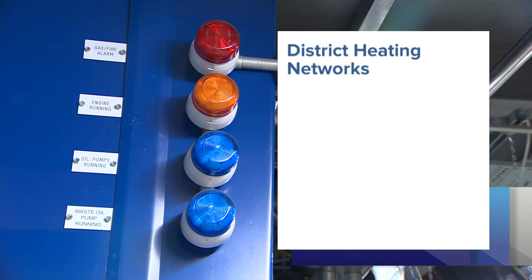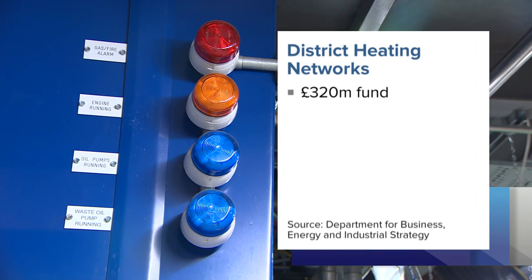The government has dedicated a fund to encourage more district heating networks. It would like to see it rise from 2% to 40% by 2050. UX Energy Services is a wholly independent consultancy, so we speak to all of the main suppliers in the industry on behalf of our clients. By being independent, we don't have any particular allegiance to a particular supplier.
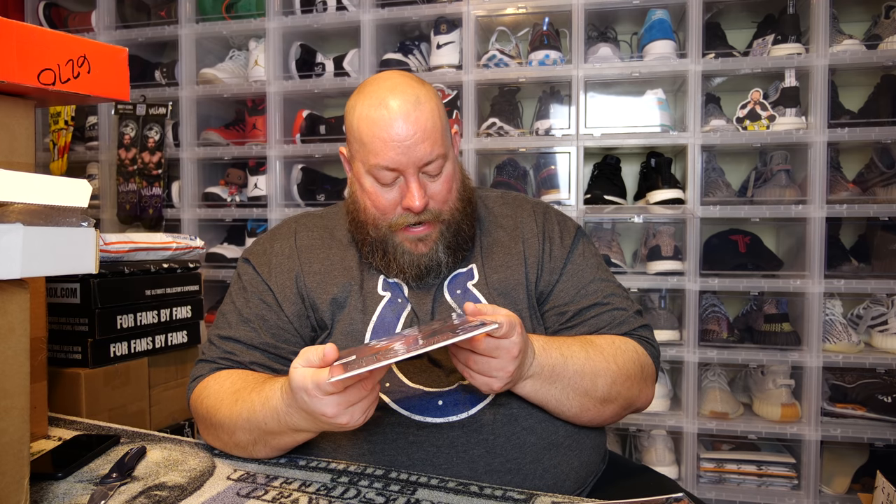This actually had to be sent off to get encapsulated by CBCS. It looks to be in really good condition too — no spine ticks. CBCS will authenticate the autographs and slab it, so I actually will send it off to CBCS to get graded.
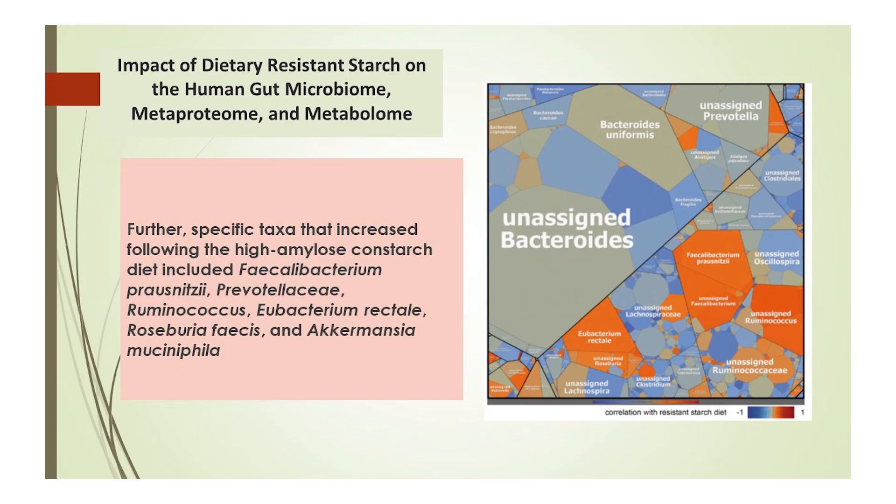Here we have a trial with a complex design which looks at resistant starch in regards to insulin sensitivity. The dosing reached as high as 66 grams per day of resistant starch — more than needed in my opinion — but nevertheless produced significantly lower postprandial insulin and glucose responses and highly beneficial microbial changes. On the right side, you can see a great visualization of the taxa impacted by the resistant starch, highlighted in orange.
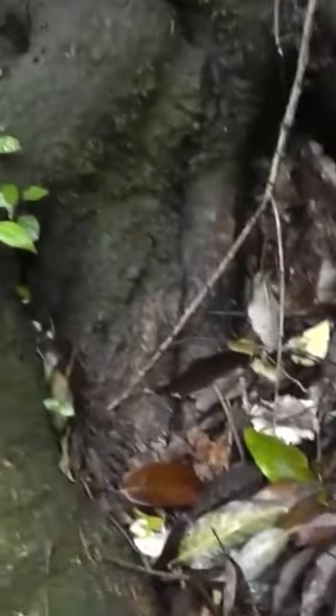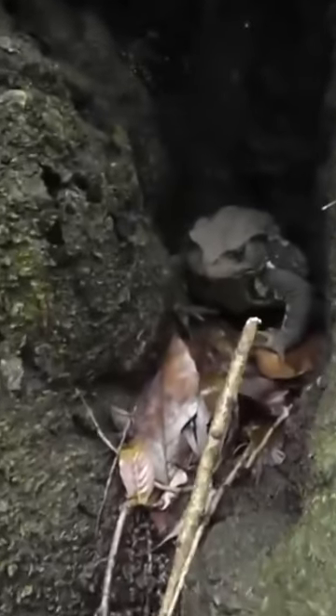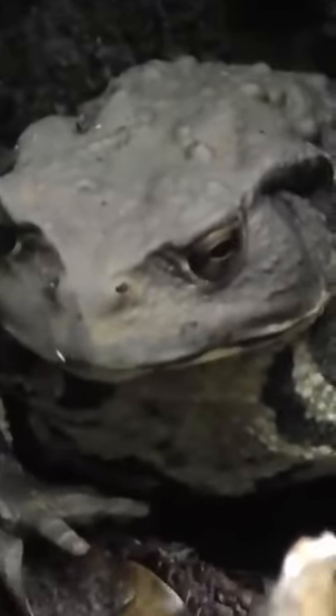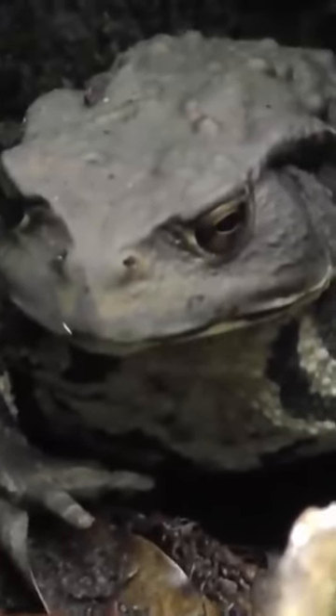Giant frog. Giant land frog right there. It's really big, that's as big as my hand. Wow, look at that guy.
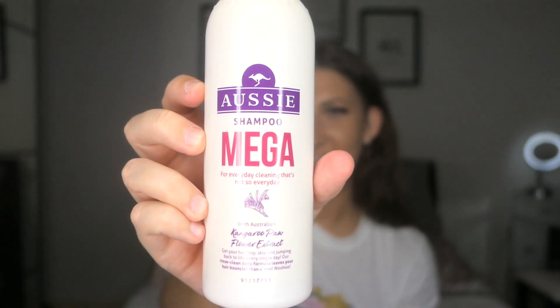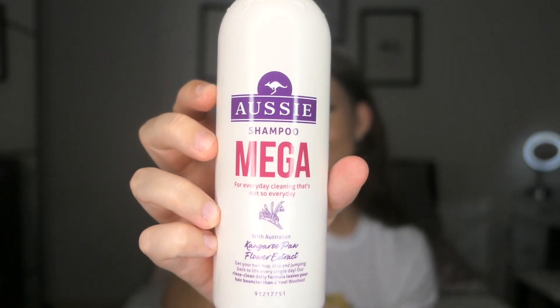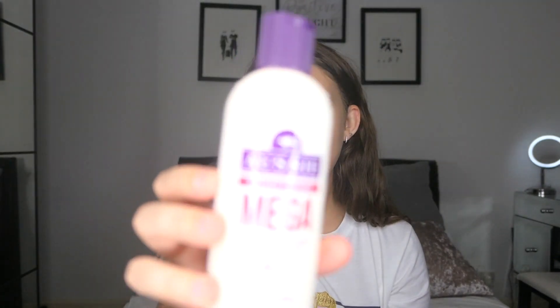Like I said, I have actually tried Aussie in the past but I'm not entirely sure if I've tried this one. This is the Aussie Mega shampoo - it says it's for everyday cleaning with Australian Kangaroo Paw and a flower extract. I just picked up the matching conditioner for it as well. The shampoo is 300ml and the conditioner is 250ml, which are perfect sizes if you're going away for a week, which is exactly what I'm doing.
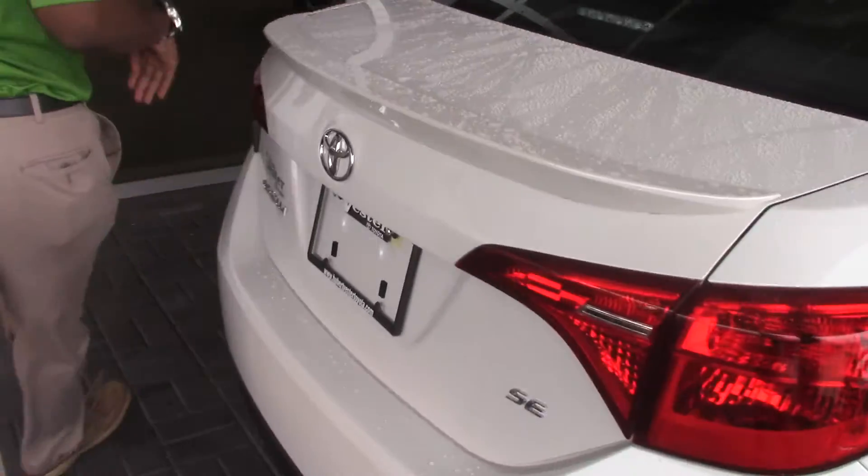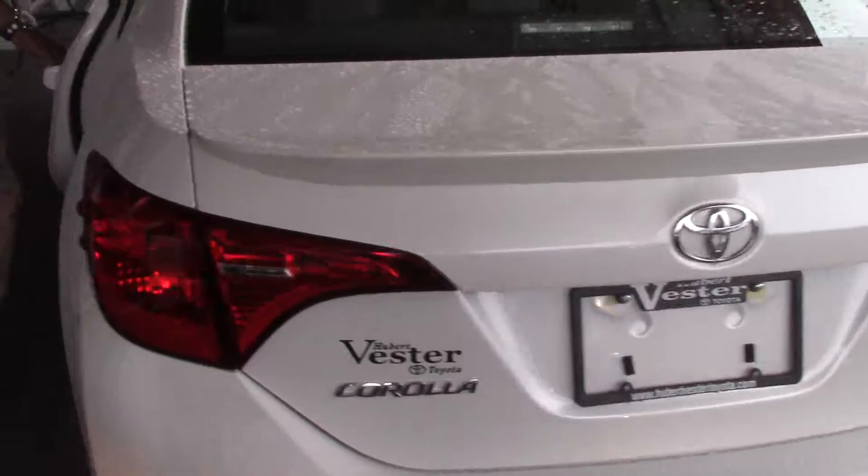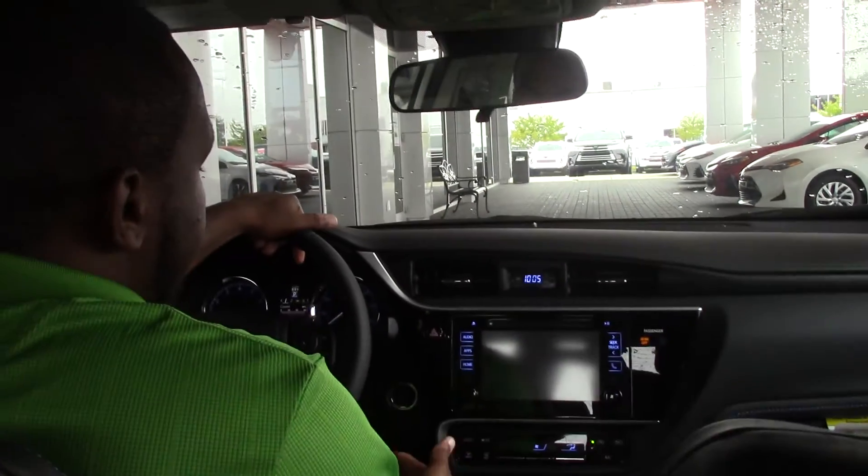Now for a couple of features inside, it comes with your push button start, backup camera, sunroof, touch screen radio, and cruise control.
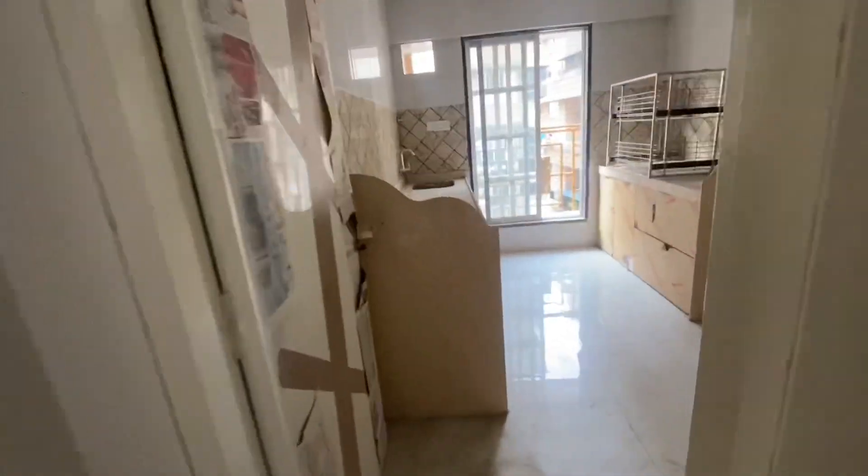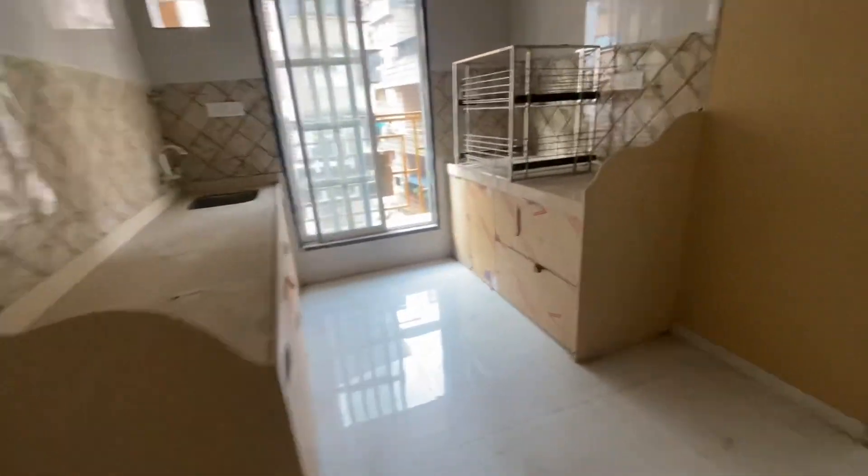And now this is your kitchen area — very neat and tidy.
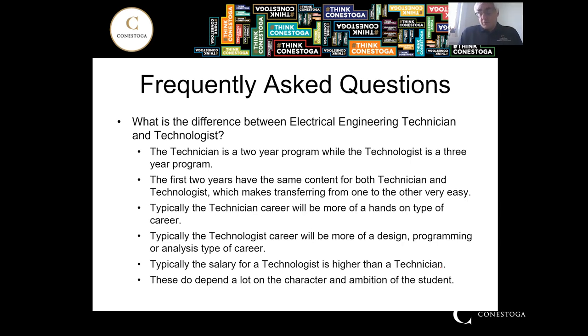The end position and salary has a lot to do with the character and ambition of the student. If a student has a lot of drive, they can go much further. We've had technician graduates who are managers of major companies — Canadian managers, not just regional managers. There is a lot of opportunity in the field.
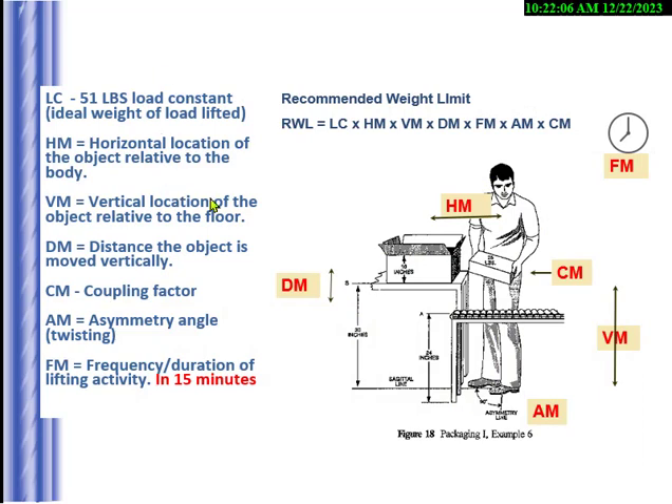The NIOSH lifting formula gives you a recommended weight limit, or RWL. On the OHST you will have to calculate it, but on other major tests you don't. They may ask about the frequency multiplier — how many lifts in 15 minutes. The formula uses horizontal location, vertical location, and other factors to produce a weight limit.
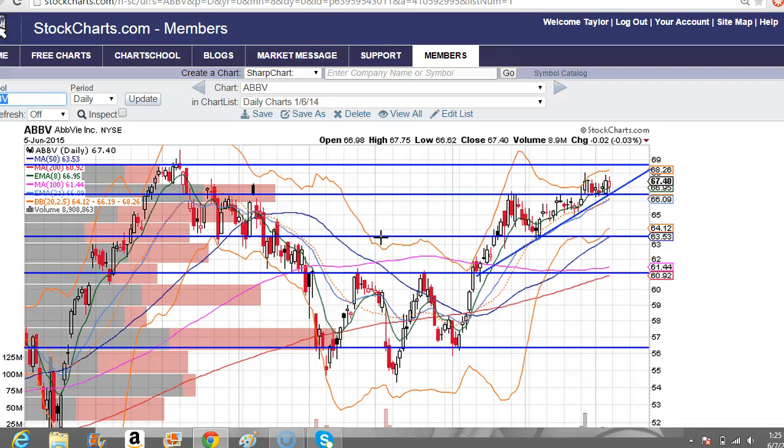Good afternoon traders. This is Taylor, aka TheTradingAnalyst.com, and we're going to look at the ABBV chart. Another shout out to Charts here on Twitter — another great idea posted by him, and we're going to analyze it in this video.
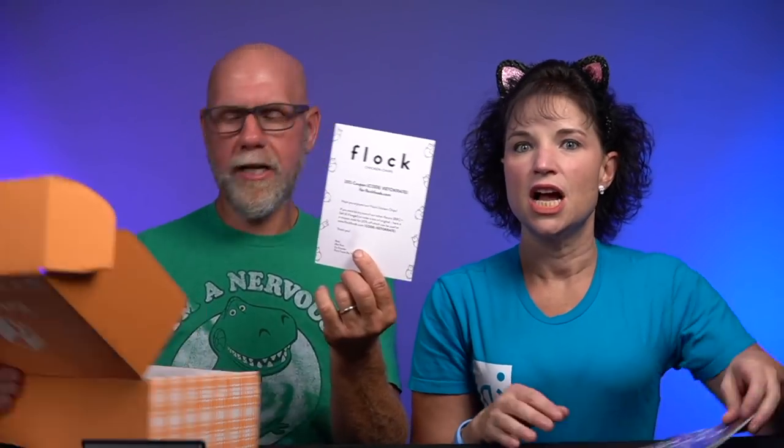If you've never seen us do this before, the way we do the Keto Crate box is we go through everything in here, tell you what it is, the nutrition, how much it costs, and whether or not we think it's worth it. Inside there are always recipes and somebody's story — there's a zucchini apple crisp and Kay's Keto. There's also a coupon code for Flock Chicken Chips, which we've had before and are really good.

.....

Aim of the exercise →
Above are the records. Copy word for word only their lines from the one holding "Now for a couple" through the one holding "And now this", both included, and skip the images.

Response to this task →
Now for a couple of features inside, it comes with your push button start, backup camera, sunroof, touch screen radio, and cruise control.
And now this is your kitchen area — very neat and tidy.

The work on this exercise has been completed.